───── Input for this task
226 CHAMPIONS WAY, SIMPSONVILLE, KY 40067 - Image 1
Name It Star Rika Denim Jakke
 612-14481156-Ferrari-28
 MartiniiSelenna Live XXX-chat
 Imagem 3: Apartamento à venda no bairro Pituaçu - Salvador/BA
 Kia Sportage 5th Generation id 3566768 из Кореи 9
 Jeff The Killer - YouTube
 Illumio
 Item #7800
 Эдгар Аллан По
──────────
What is needed – Line by line, reproduce the material exactly.

Exercise result –
226 CHAMPIONS WAY, SIMPSONVILLE, KY 40067 - Image 1
Name It Star Rika Denim Jakke
 612-14481156-Ferrari-28
 MartiniiSelenna Live XXX-chat
 Imagem 3: Apartamento à venda no bairro Pituaçu - Salvador/BA
 Kia Sportage 5th Generation id 3566768 из Кореи 9
 Jeff The Killer - YouTube
 Illumio
 Item #7800
 Эдгар Аллан По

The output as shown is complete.